**Work item**
Your copy should match the listing below exactly, except that it holds no images.

**Source information**
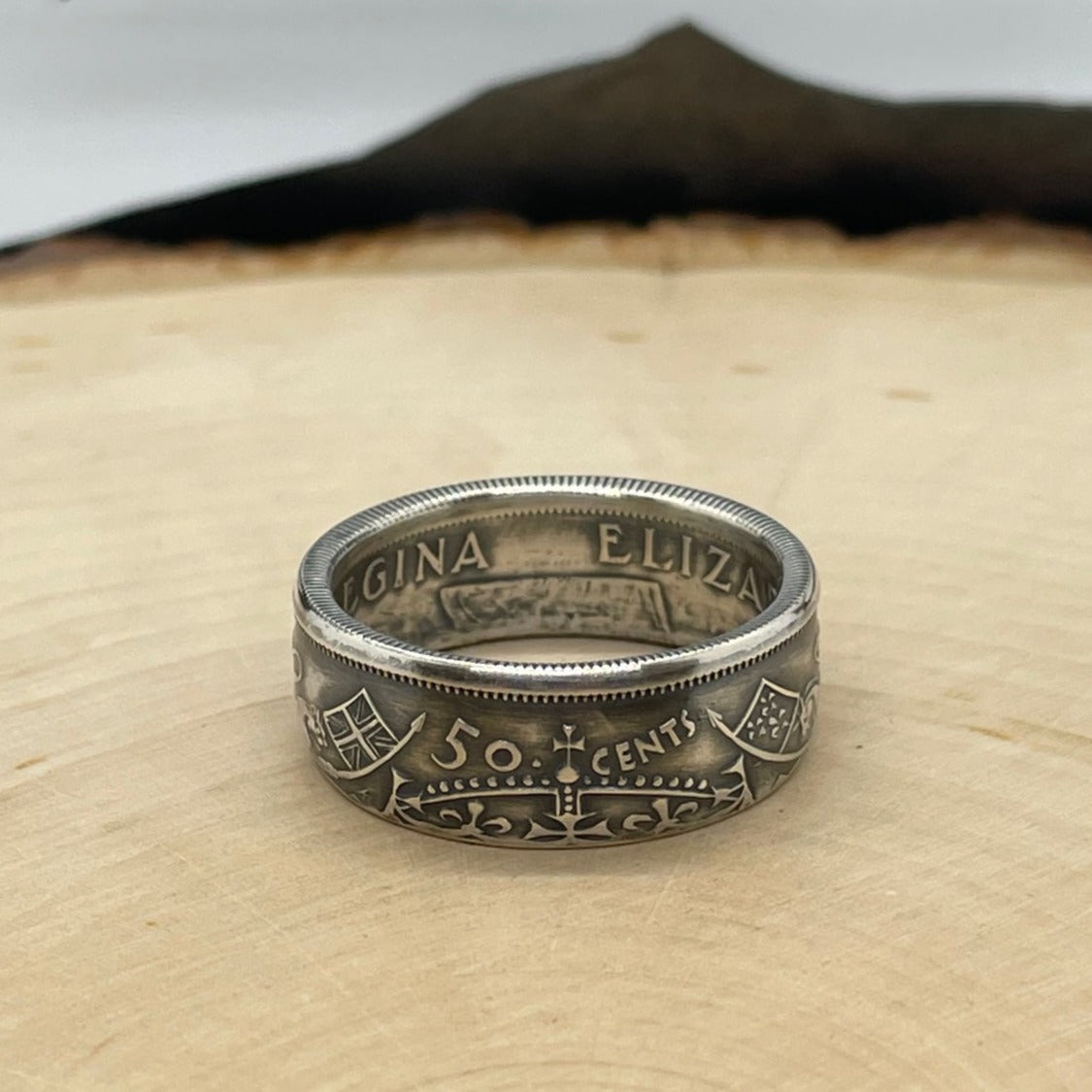 Canada 50 Cents Silver Coin Ring (Lion + Unicorn) on a light wood round with mountain outline in the background. - Mountainstruck Coin Jewelry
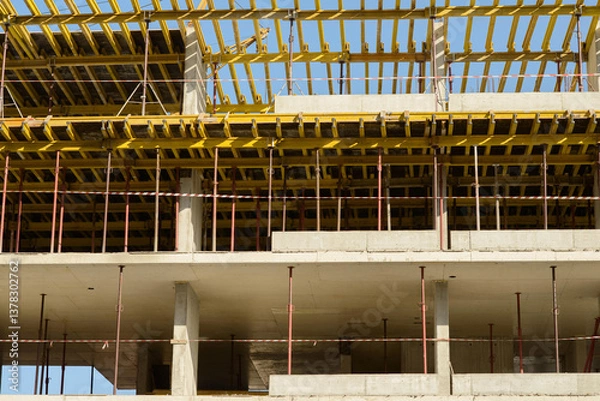 Fototapeta Modern Building Under Construction Featuring Concrete and Scaffolding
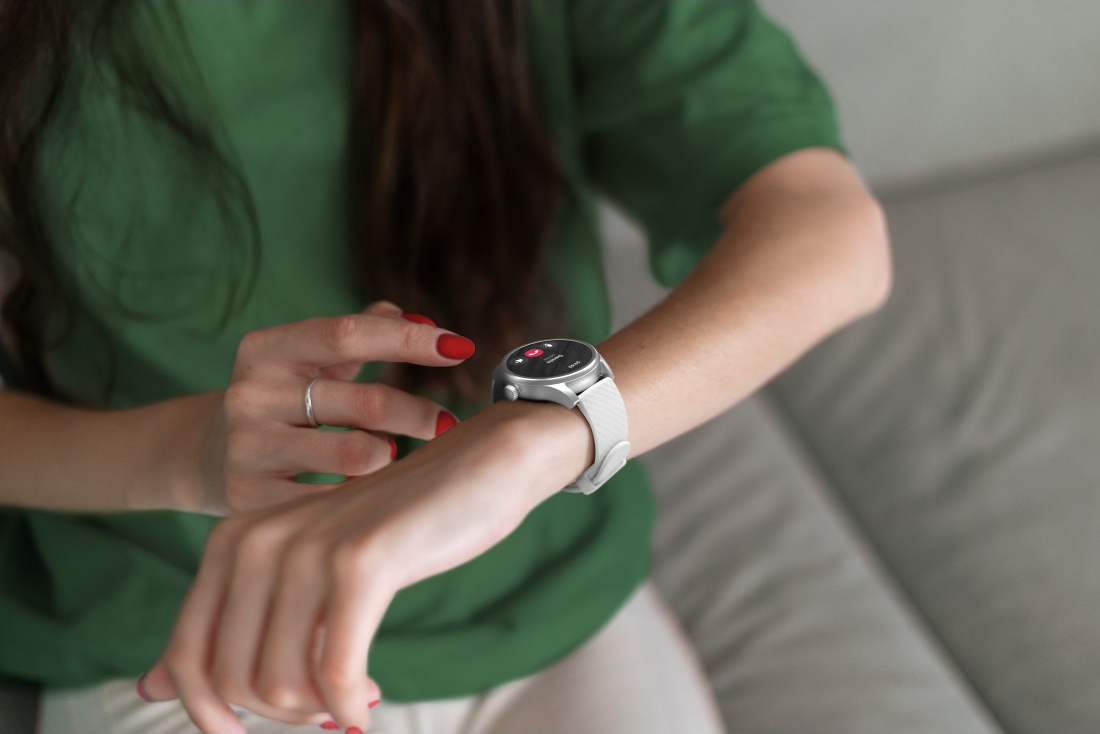 Eine Person mit einer Smartwatch, rotem Nagellack, überprüft den Bildschirm. Die Uhr hat ein weißes Armband.
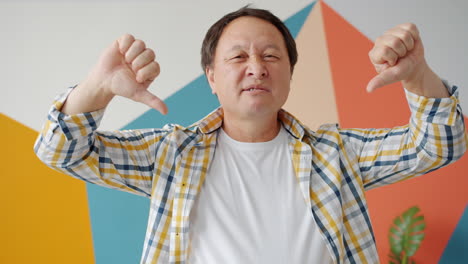 disapproving man with thumbs down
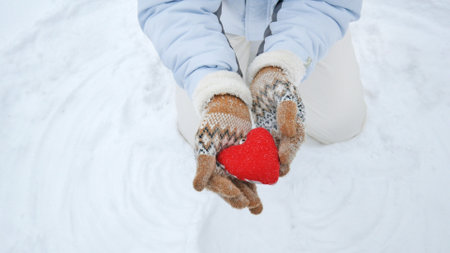 woman hands holding red heart symbol on snow background, closeupの写真素材
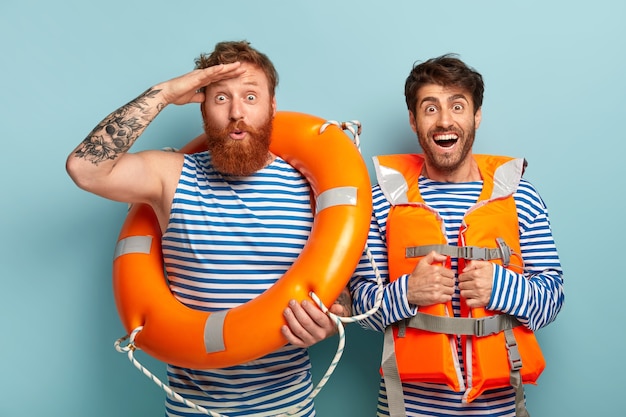 Free photo cheerful guys posing at the beach with lifejacket and lifebuoy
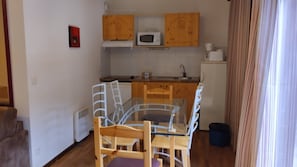 A compact kitchen with wooden cabinets, a microwave, a sink, and a dining table with chairs. - Apartment Near Centre of Orelle (Orelle)
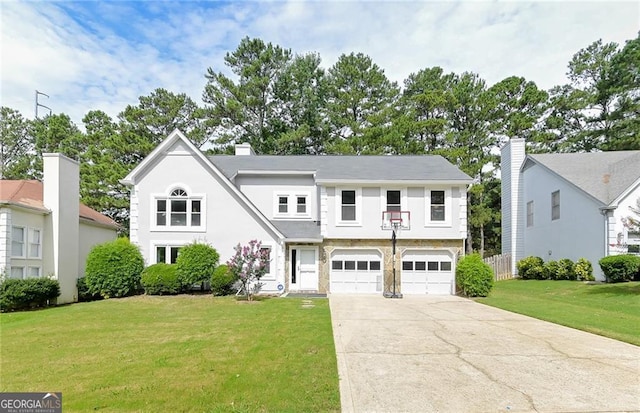4180 Pineset Dr, Alpharetta, GA 30022 - view of front of house with concrete driveway, a garage, a front lawn, and a chimney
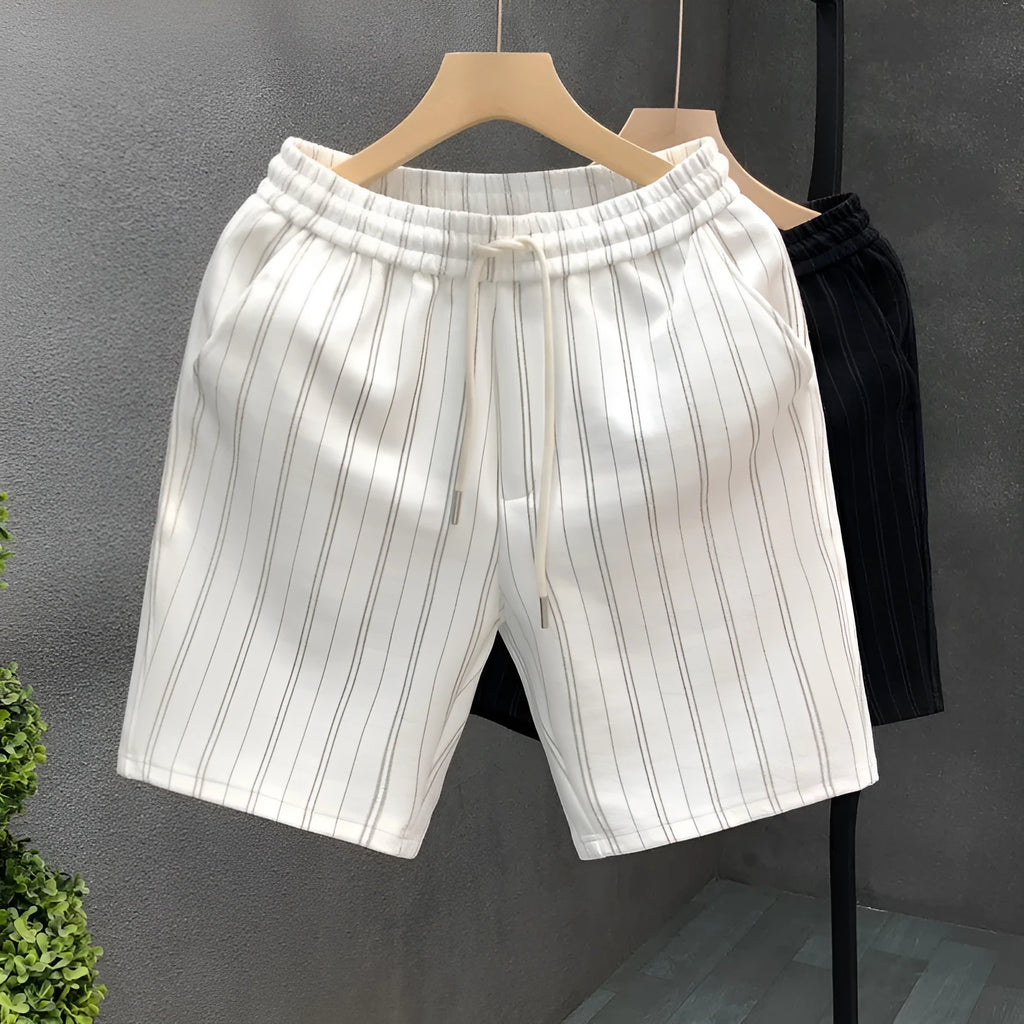 Black and white striped men's casual fleece-lined shorts with an elastic waistband.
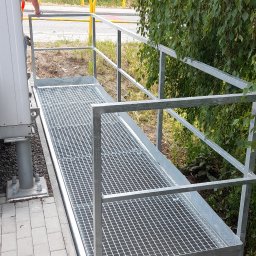 STEEL TEAM Strzałka Piotr - Metalowa kładka z kratą i barierką, łącząca budynek z terenem. Widoczne elementy konstrukcyjne, kostka brukowa i roślinność w tle. Szara kolorystyka.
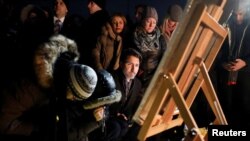 Canada's Prime Minister Justin Trudeau attends a candle light vigil for the victims of Ukraine International Airlines flight PS-752 on Parliament Hill in Ottawa, Jan. 9, 2020. 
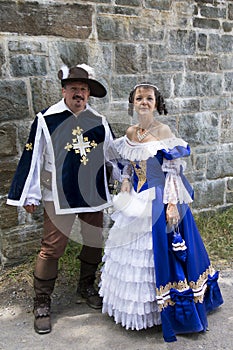 Couple dressed up as a 17th century French musketeer and noble lady during the New France Festival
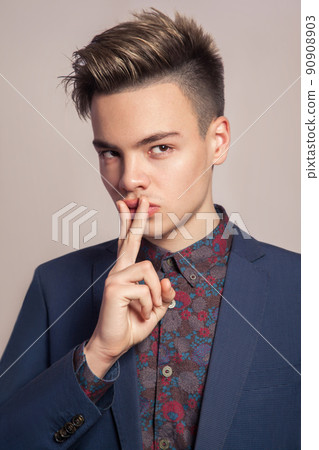 Handsome young fashion model with highlighted undercut haircut posing in blue suit in studio looking with passion at camera with finger on his lips. Handsome young fashion model with highlighted undercut haircut posing in blue suit in studio looking with passion at camera with finger on his lips. 90908903
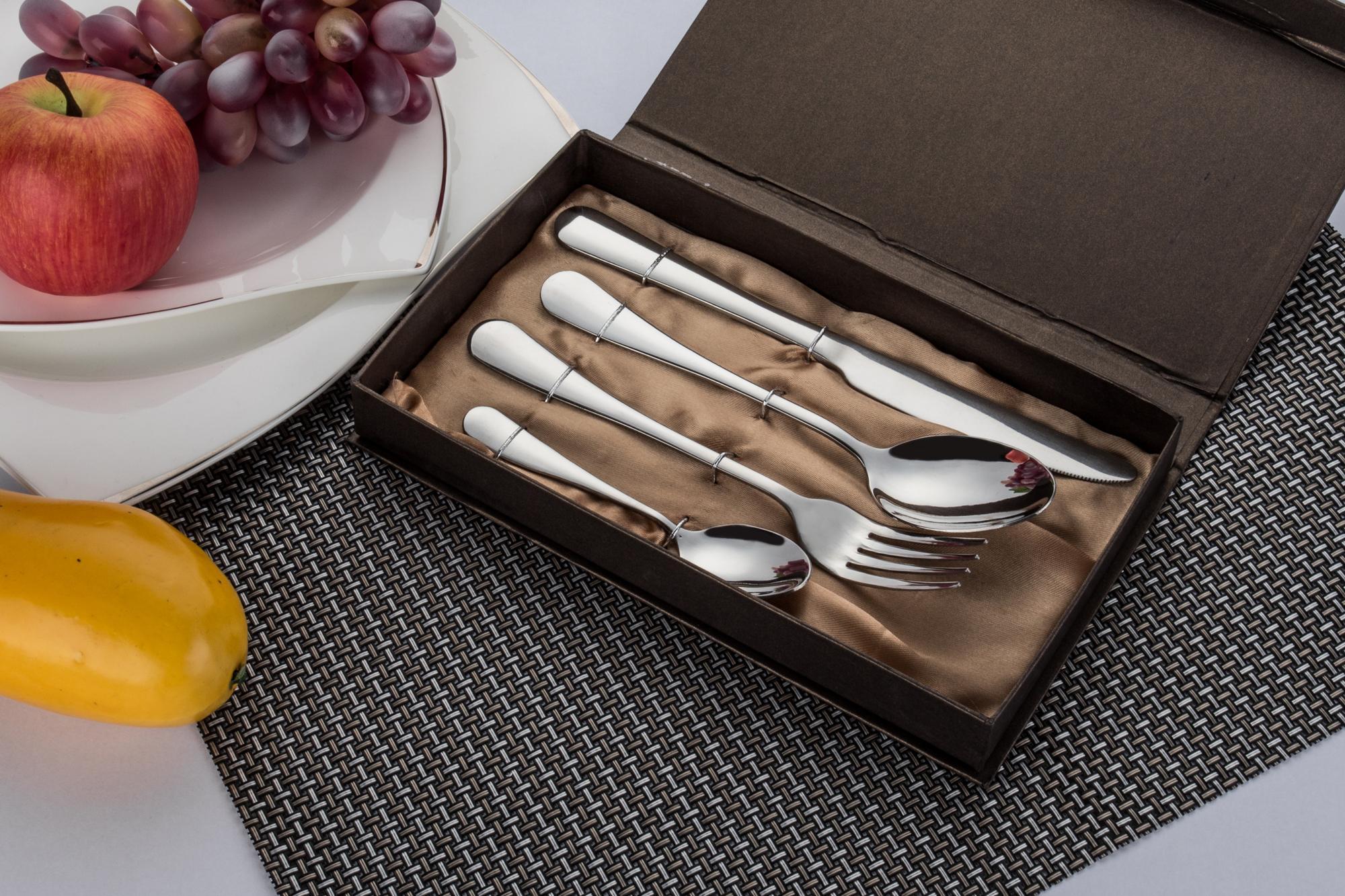 Display of three culinary packages on elegant paper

**Response to the task**
 Canada 50 Cents Silver Coin Ring (Lion + Unicorn) on a light wood round with mountain outline in the background. - Mountainstruck Coin Jewelry
 Fototapeta Modern Building Under Construction Featuring Concrete and Scaffolding
 Eine Person mit einer Smartwatch, rotem Nagellack, überprüft den Bildschirm. Die Uhr hat ein weißes Armband.
 disapproving man with thumbs down
 woman hands holding red heart symbol on snow background, closeupの写真素材
 Free photo cheerful guys posing at the beach with lifejacket and lifebuoy
 A compact kitchen with wooden cabinets, a microwave, a sink, and a dining table with chairs. - Apartment Near Centre of Orelle (Orelle)
4180 Pineset Dr, Alpharetta, GA 30022 - view of front of house with concrete driveway, a garage, a front lawn, and a chimney
 Black and white striped men's casual fleece-lined shorts with an elastic waistband.
 STEEL TEAM Strzałka Piotr - Metalowa kładka z kratą i barierką, łącząca budynek z terenem. Widoczne elementy konstrukcyjne, kostka brukowa i roślinność w tle. Szara kolorystyka.
 Canada's Prime Minister Justin Trudeau attends a candle light vigil for the victims of Ukraine International Airlines flight PS-752 on Parliament Hill in Ottawa, Jan. 9, 2020. 
 Couple dressed up as a 17th century French musketeer and noble lady during the New France Festival
 Handsome young fashion model with highlighted undercut haircut posing in blue suit in studio looking with passion at camera with finger on his lips. Handsome young fashion model with highlighted undercut haircut posing in blue suit in studio looking with passion at camera with finger on his lips. 90908903
 Display of three culinary packages on elegant paper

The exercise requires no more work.